# Tennessee Omnicon?!



## WaffleMouse (Mar 29, 2011)

Hey, I"m not entirely sure if this belongs here, but I was just seeing if there was going to be a furry or two at the Tennessee tech Omnicon... Its not strictly furry, but I wouldn't mind seeing a few of you there.

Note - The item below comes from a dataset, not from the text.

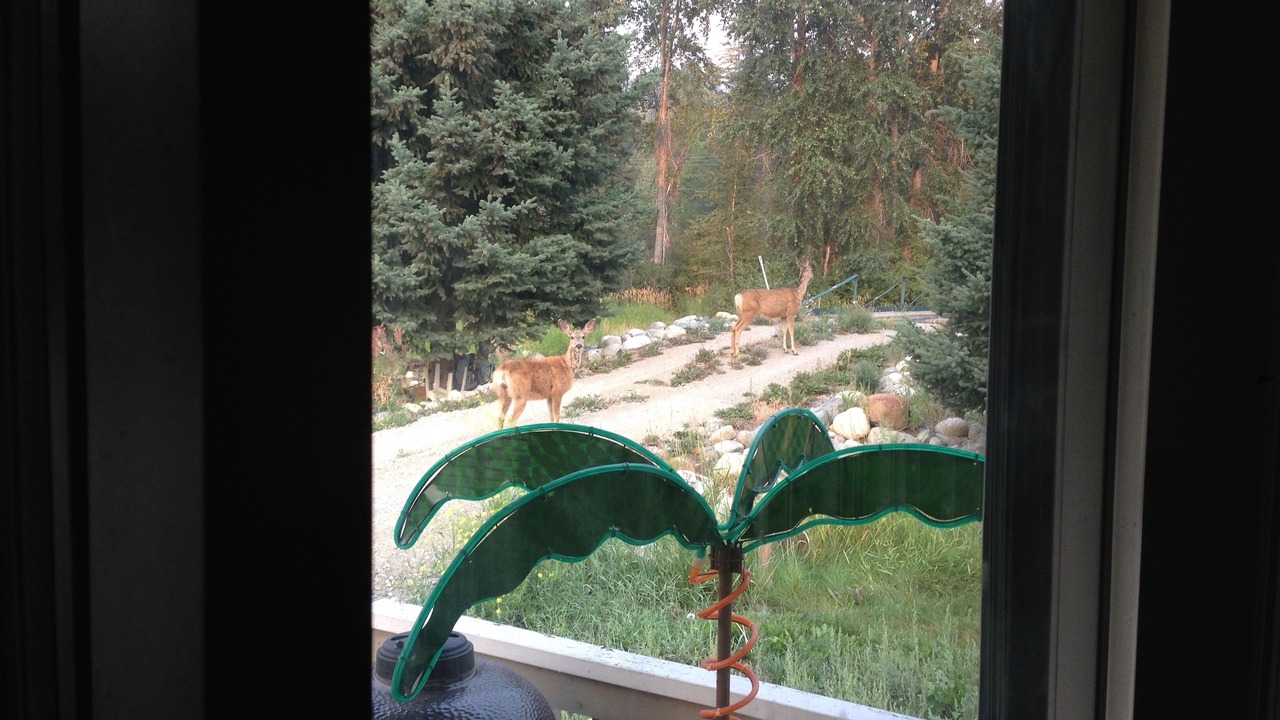 Photo of Others in Okanagan-Similkameen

Again... not sure if this really belongs here.


----------



## South_Shepherd (Apr 16, 2011)

I live in northest Mississippi, is it close to me, I might be able to go


----------



## Gavrill (Apr 16, 2011)

Tennessee is a dumb state you should feel bad for living there

I don't think I could make it, sorry.


----------



## Ad Hoc (Apr 16, 2011)

Skift said:


> Tennessee is a dumb state you should feel bad for living there


 My boyfriend lives in Tennessee. 

I think he went Omnicon in '10, he might go again. He's not furry though.


----------



## Larry (Apr 16, 2011)

Ugh it's in Cookeville. Too far from Hermitage. (Well, at least for me, it is.)


----------



## Gavrill (Apr 17, 2011)

Ad Hoc said:


> My boyfriend lives in Tennessee.
> 
> I think he went Omnicon in '10, he might go again. He's not furry though.


 
*points to location*

Also dang, Cookeville? That's not too far from me I think


----------



## Ad Hoc (Apr 17, 2011)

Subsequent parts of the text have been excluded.